SEBI Proposal: Reintroduction of Open Market Share Buybacks
Source: BL
Subject: Economy (Capital Markets)
Summary:
- Status: SEBI has issued a consultation paper proposing the reintroduction of the Open Market (Stock Exchange) buyback route.
- Background: This reverses a 2023 decision that had phased out this route by April 1, 2025, leaving the Tender Offer as the only available method.
- Key Driver: Significant changes in the Taxation Framework effective from April 2026 have eliminated previous concerns regarding tax arbitrage and shareholder inequity.
- Mechanism: Buybacks would occur via an order-matching system on the stock exchange, adhering to strict limits on price, volume, and disclosure.
- Strategic Goal: To provide companies with an operationally efficient way to support share prices and improve Earnings Per Share (EPS).
Key Concepts & Regulatory Shift
1. Tender Offer vs. Open Market Buyback
- Tender Offer: The company offers to buy back shares directly from existing shareholders at a fixed price (usually at a premium) on a proportionate basis.
- Open Market (Proposed): The company buys shares from the secondary market through the stock exchange. This is more gradual and executed at prevailing market prices.
2. The Taxation Pivot
- Previous Regime: Companies paid a Buyback Tax, making the proceeds tax-free in the hands of the shareholder.

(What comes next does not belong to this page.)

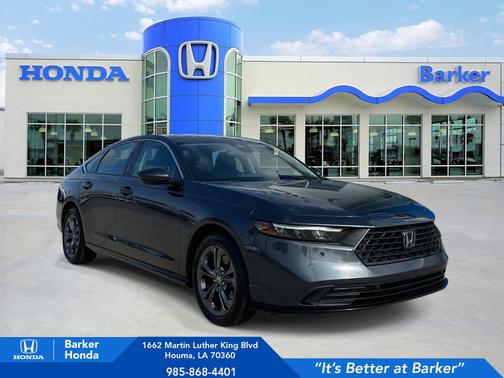 2023 Honda Accord Hybrid 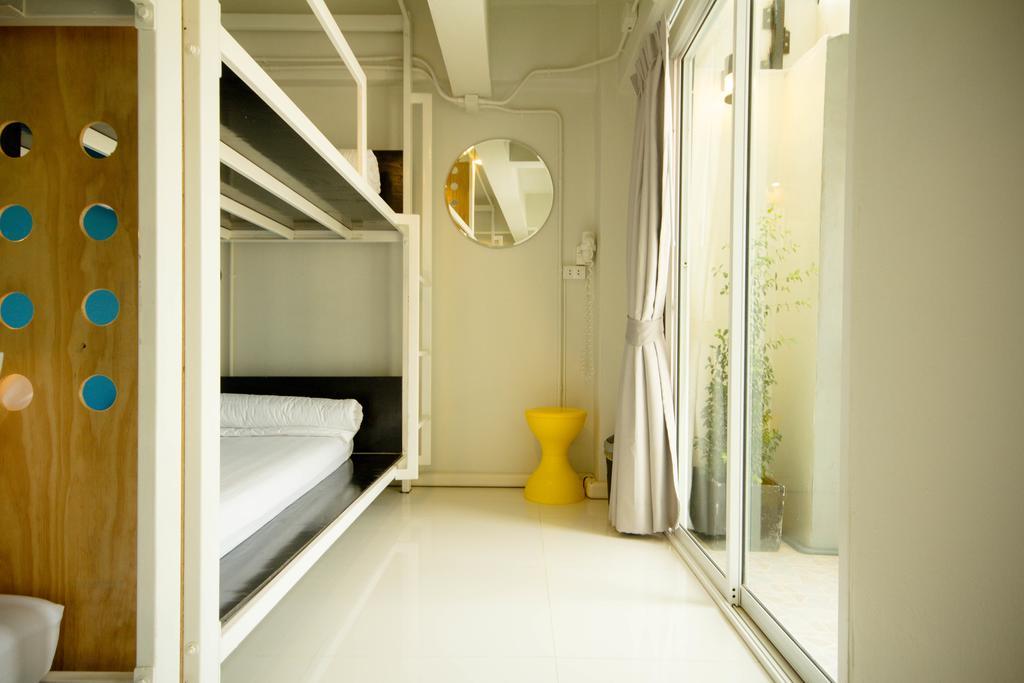 Oyes Hostel Krabi town Szoba fotó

This created “tax arbitrage” where some shareholders benefited more than others.
- New Regime (April 2026): Buyback proceeds are now taxed as Capital Gains in the hands of the shareholders.
- Impact: Since the tax burden is now on the individual (similar to a normal share sale), the “inequity” concern that led to the 2025 ban is resolved.
3. Operational Safeguards
- To prevent market manipulation, SEBI intends to retain earlier restrictions:
- Separate Trading Window: Dedicated exclusively to buyback transactions.
- Price Bands: Limits on how much above the market price a company can bid.
- Daily Limits: Caps on the maximum quantity of shares a company can purchase in a single day.
Examination Focused MCQs
Q1. Why did SEBI originally decide to phase out the “Open Market” route for share buybacks by April 2025?
A) Due to a lack of interest from Indian companies.
B) Concerns regarding tax arbitrage and unequal participation among shareholders.
C) Because it was found to be unconstitutional under Article 300A.
D) To encourage companies to issue more dividends instead.
Q2. Under the new taxation framework effective from April 2026, how are buyback proceeds treated for tax purposes?
A) Tax-free for all shareholders.
B) Taxed as “Income from Other Sources” at flat 30%.
C) Taxed as Capital Gains in the hands of the shareholders.
D) Subject to a Dividend Distribution Tax (DDT) paid by the company.
Q3. Which of the following is an advantage of an Open Market buyback mentioned by investment bankers?
A) It allows for a one-time, bulk exit at a high fixed premium.
B) It enables the company to absorb selling pressure gradually and support share prices.
C) It guarantees that every single shareholder will be able to sell their shares.
D) It exempts the company from SEBI disclosure requirements.
Q4. The “order-matching mechanism” in an open market buyback ensures participation based on:
A) Social category of the shareholder.
B) Proportionate holding (Pro-rata).
C) Price-time matching on the exchange.
D) Recommendation by the Board of Directors.
Q5. Which industry bodies represented the case for the return of open market buybacks to SEBI?
A) RBI and NABARD
B) FICCI and AIBI
C) NITI Aayog and Finance Commission
D) ISRO and DRDO
Answer Key:
- B) Concerns regarding tax arbitrage and unequal participation. (The previous tax structure favored those who exited during the buyback over those who didn’t).
- C) Taxed as Capital Gains in the hands of the shareholders. (This shift makes buybacks tax-neutral compared to selling in the open market).
- B) It enables the company to absorb selling pressure gradually and support share prices.
- C) Price-time matching on the exchange. (Standard stock exchange logic where the best price and earliest time get priority).
- B) FICCI (Federation of Indian Chambers of Commerce and Industry) and AIBI (Association of Investment Bankers of India).